Diesen Überlegungen erteilt die Behörde aber eine Absage. „Man kann nicht alles sperren, weil die Straßen ja öffentlich sind“, betont Berktold. Und auch von Tempolimits verspricht er sich nicht viel. Die Lärmbelästigung komme nämlich nicht von der Endgeschwindigkeit, sondern vom „Aufzieh-Effekt“, wenn die Biker beschleunigen. Statt dessen will das Landratsamt zusammen mit den Partnern aus Tirol die Biker für die Lärmthematik sensibilisieren und politisch für strenge Regelungen kämpfen. So würde die Lautstärke der Motorräder in Deutschland bei 5000 Umdrehungen gemessen. Richtig laut würden sie aber bei 9000 bis 10 000 Umdrehungen. Sinnvoll sei außerdem, die Bike- Touren als Freizeitlärm und nicht als Verkehrslärm zu betrachten – was härtere Grenzwerte zur Folge habe.

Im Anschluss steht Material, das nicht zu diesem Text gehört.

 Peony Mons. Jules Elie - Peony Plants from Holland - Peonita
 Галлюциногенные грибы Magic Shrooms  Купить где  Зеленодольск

Erste konkrete Maßnahme des Landratsamts ist die Anschaffung eines neuen Radargeräts, das die Rückseite der Motorräder und somit das Nummernschild erfasst. Hoffnung besteht auch für Oberstaufen. Dort beklagen Anwohner laut Bürgermeister Martin Beckel ebenfalls den Lärm an der Queralpenstraße, die den Ort durchschneidet. Die Gemeinde fordert nach Angaben von Ordnungsamtsleiter Robert Blumrich, die Geschwindigkeitsbeschränkung beim Verkehrsknotenpunkt an der Queralpenstraße auszuweiten. Das sei vielleicht sogar in beide Richtungen denkbar, stellt Berktold in Aussicht.